▼
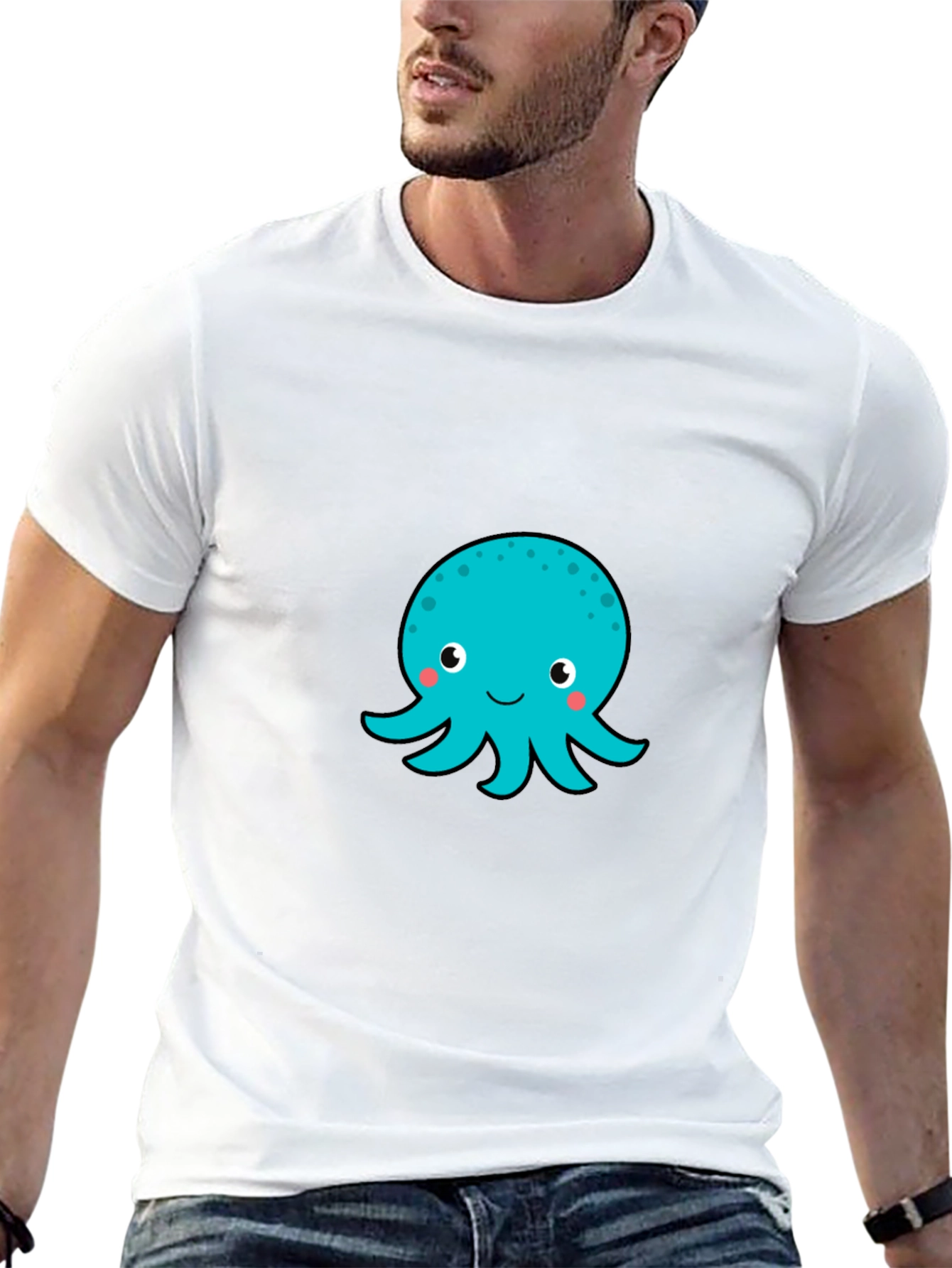Cute Octopus Graphic T-Shirt - Black Cotton Blend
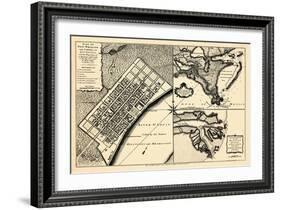1720, New Orleans Bird's Eye View, Louisiana, United States-null-Framed Giclee Print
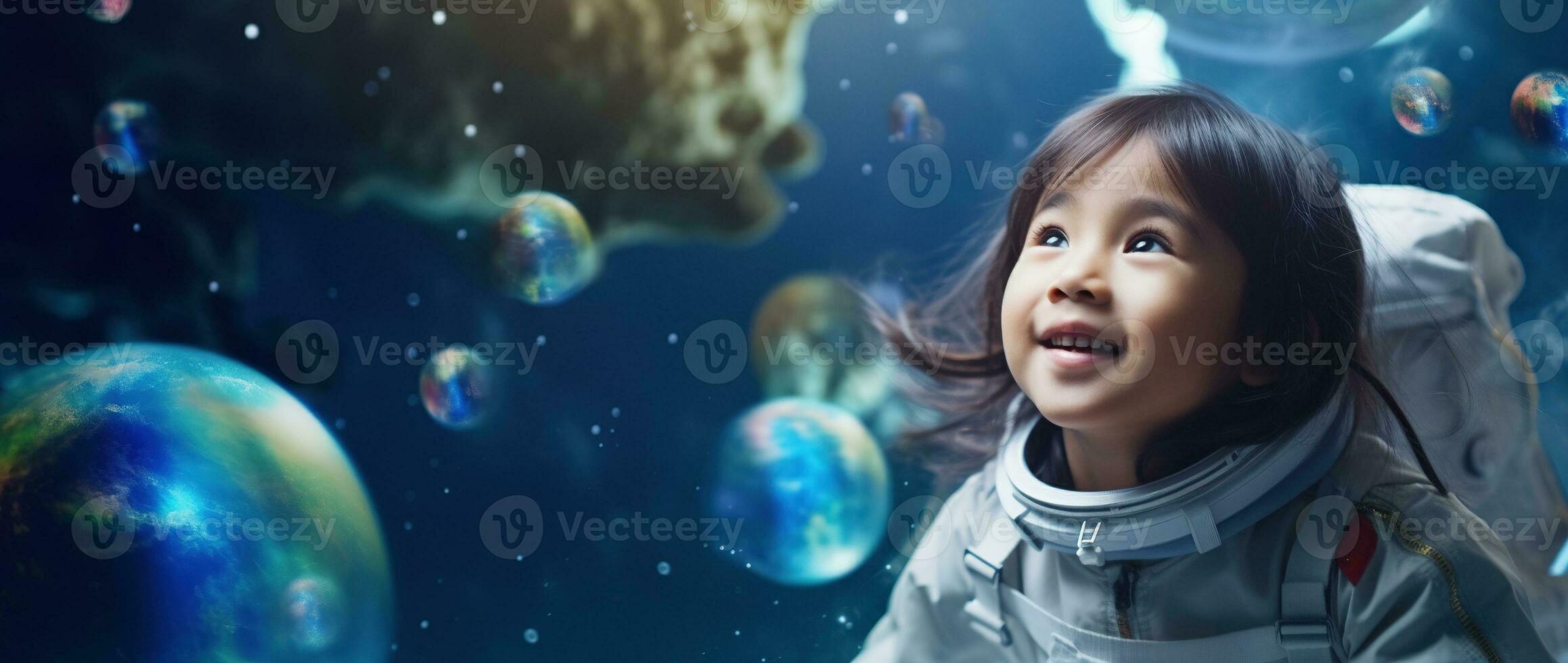 AI generated Portrait of a cute asian little girl wearing astronaut costume and smiling in space photo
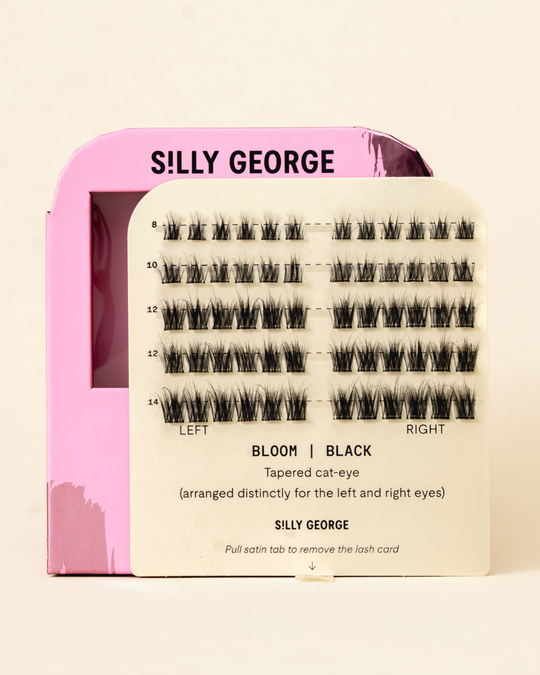 Black Bloom Pop-On Lashes: The Extensions Set packaging with pink and beige design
▲
Try it
Only exact repeats of the lines from the one containing "1720, New Orleans" through the end of the listing above are wanted here; pictures are not.

Task response
1720, New Orleans Bird's Eye View, Louisiana, United States-null-Framed Giclee Print
 AI generated Portrait of a cute asian little girl wearing astronaut costume and smiling in space photo
 Black Bloom Pop-On Lashes: The Extensions Set packaging with pink and beige design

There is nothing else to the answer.